- Location of Plainfield, Iowa
- Coordinates: 42°50′40″N 92°32′08″W﻿ / ﻿42.84444°N 92.53556°W
- Country: USA
- State: Iowa
- County: Bremer
- Incorporated: October 17, 1895

Area
- • Total: 0.34 sq mi (0.87 km^{2})
- • Land: 0.34 sq mi (0.87 km^{2})
- • Water: 0 sq mi (0.00 km^{2})
- Elevation: 942 ft (287 m)

Population (2020)
- • Total: 393
- • Density: 1,173.2/sq mi (452.97/km^{2})
- Time zone: UTC-6 (Central (CST))
- • Summer (DST): UTC-5 (CDT)
- ZIP code: 50666
- Area code: 319
- FIPS code: 19-63210
- GNIS feature ID: 2396218
- Website: www.plainfieldiowa.com

= Plainfield, Iowa =

Plainfield is a city in Bremer County, Iowa, United States. The population was 393 at the 2020 census, a decrease of 45, or 10.3%, from 438 in 2000. It is part of the Waterloo-Cedar Falls Metropolitan Statistical Area. The Plainfield post office was established in 1868.

==Geography==

According to the United States Census Bureau, the city has a total area of 0.33 sqmi, all land.

==Demographics==

===2020 census===
As of the census of 2020, there were 393 people, 163 households, and 105 families residing in the city. The population density was 1,173.2 inhabitants per square mile (453.0/km^{2}). There were 189 housing units at an average density of 564.2 per square mile (217.8/km^{2}). The racial makeup of the city was 96.2% White, 0.5% Black or African American, 0.3% Native American, 0.0% Asian, 0.0% Pacific Islander, 0.0% from other races and 3.1% from two or more races. Hispanic or Latino persons of any race comprised 0.5% of the population.

Of the 163 households, 27.6% of which had children under the age of 18 living with them, 54.0% were married couples living together, 8.6% were cohabiting couples, 20.9% had a female householder with no spouse or partner present and 16.6% had a male householder with no spouse or partner present. 35.6% of all households were non-families. 30.7% of all households were made up of individuals, 11.0% had someone living alone who was 65 years old or older.

The median age in the city was 41.6 years. 25.2% of the residents were under the age of 20; 4.6% were between the ages of 20 and 24; 24.2% were from 25 and 44; 28.5% were from 45 and 64; and 17.6% were 65 years of age or older.
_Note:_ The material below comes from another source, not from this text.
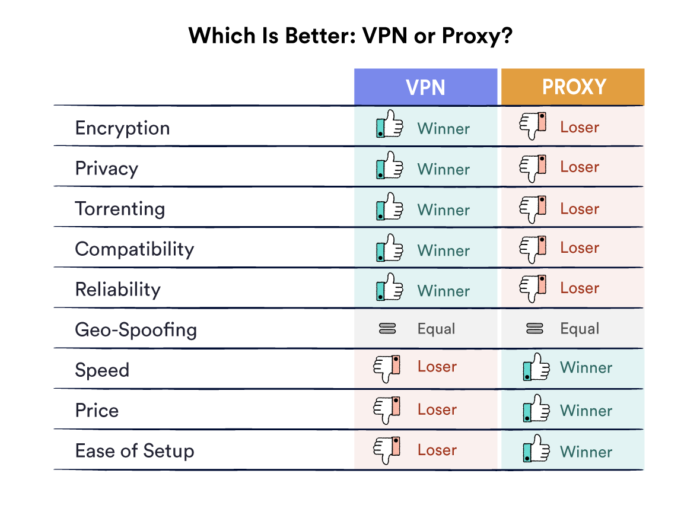 Tabla comparativa de VPN y proxy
The gender makeup of the city was 47.6% male and 52.4% female.

===2010 census===
As of the census of 2010, there were 436 people, 185 households, and 123 families residing in the city. The population density was 1321.2 PD/sqmi. There were 197 housing units at an average density of 597.0 /sqmi. The racial makeup of the city was 97.9% White, 0.5% African American, 0.2% Pacific Islander, 0.2% from other races, and 1.1% from two or more races. Hispanic or Latino of any race were 0.5% of the population.

There were 185 households, of which 30.3% had children under the age of 18 living with them, 55.7% were married couples living together, 8.1% had a female householder with no husband present, 2.7% had a male householder with no wife present, and 33.5% were non-families. 28.1% of all households were made up of individuals, and 11.8% had someone living alone who was 65 years of age or older. The average household size was 2.36 and the average family size was 2.90.

The median age in the city was 37.8 years. 27.1% of residents were under the age of 18; 7.4% were between the ages of 18 and 24; 24.3% were from 25 to 44; 25.9% were from 45 to 64; and 15.4% were 65 years of age or older. The gender makeup of the city was 50.2% male and 49.8% female.

===2000 census===
As of the census of 2000, there were 438 people, 194 households, and 123 families residing in the city. The population density was 1,347.4 PD/sqmi. There were 202 housing units at an average density of 621.4 /sqmi. The racial makeup of the city was 99.54% White, 0.23% Native American, and 0.23% from two or more races. Hispanic or Latino of any race were 0.91% of the population.

There were 194 households, out of which 29.4% had children under the age of 18 living with them, 56.2% were married couples living together, 7.2% had a female householder with no husband present, and 36.1% were non-families. 30.9% of all households were made up of individuals, and 16.5% had someone living alone who was 65 years of age or older. The average household size was 2.26 and the average family size was 2.85.

Age spread: 24.9% under the age of 18, 9.4% from 18 to 24, 25.6% from 25 to 44, 23.1% from 45 to 64, and 17.1% who were 65 years of age or older. The median age was 37 years. For every 100 females, there were 100.9 males. For every 100 females age 18 and over, there were 91.3 males.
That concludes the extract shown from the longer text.